*Problem statement*
Once the line containing "Property photo of" is found in the data below, repeat it and every later line exactly, leaving the pictures out.

Top of Data block

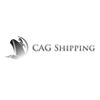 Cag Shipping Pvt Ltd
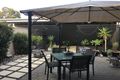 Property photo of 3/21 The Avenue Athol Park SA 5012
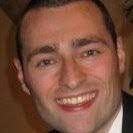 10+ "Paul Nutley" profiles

Bottom of Data block

*Completed task*
 Property photo of 3/21 The Avenue Athol Park SA 5012
 10+ "Paul Nutley" profiles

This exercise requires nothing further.